RIP Billy Vincent

Billy Vincent, who just died at the age of 93, was one of the most extraordinary characters I have ever known.

Back in the day when my world was young, about 1979 to be exact, I had the bright idea to start my first newspaper in San Francisco.

Myself and a partner, Tom McDonagh, had about $1,000 dollars and by the second edition we were broke.
I realized I had to raise money and fast. One of my unlikely friends at the time was A.W. Vincent.

Billy, as he was universally known, was an Anglo Irish gentleman who has somehow been transported to San Francisco where he lived in a palatial mansion in Pacific Heights.

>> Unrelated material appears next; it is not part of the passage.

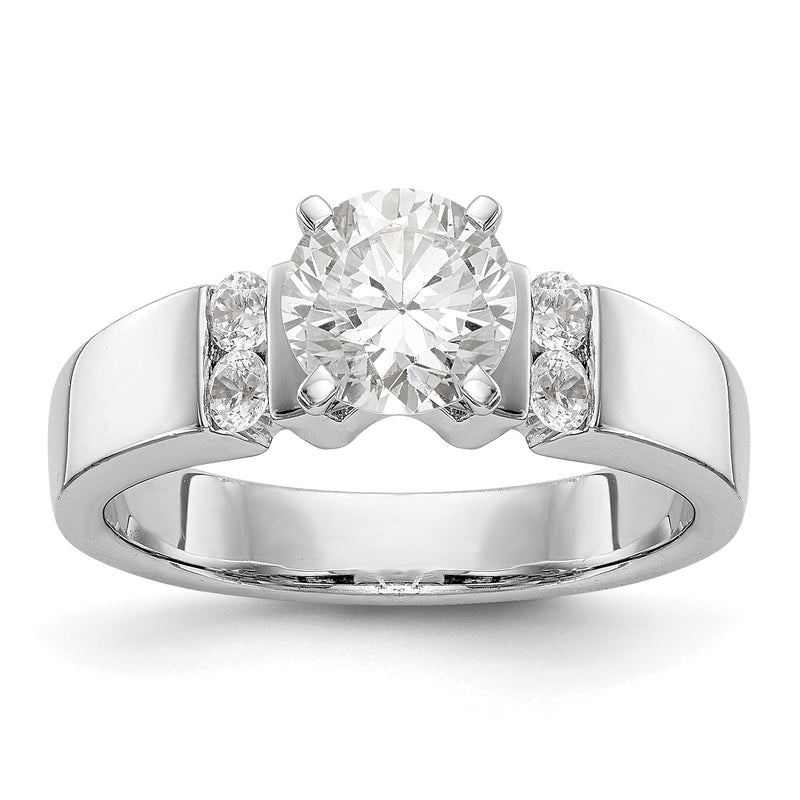14K White Gold Diamond Peg Set Engagement Ring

His mother, Maud Bourn was a San Francisco native.

Despite the clipped Oxford accent and the former British Army background – he was a highly decorated soldier in the Royal Inniskilling Fusiliers who saw major action in World War II — he was Irish in the best sense.

His family, the Bourn Vincents, owned Muckross House in Killarney and had given the 11,000 acre estate to the Irish state where it remains one of the jewels of the Irish state-owned park system.

He became a very successful businessman in California after the war and by the time I knew him he had begun major philanthropic work for Ireland through the American Irish Foundation, which later merged with the American Ireland Fund.

So, to Billy Vincent I went seeking money for my new newspaper venture.

He referred to everyone by their surnames, as in, “O’Dowd, what on earth do you want me to do, invest in some dubious Irish newspaper?”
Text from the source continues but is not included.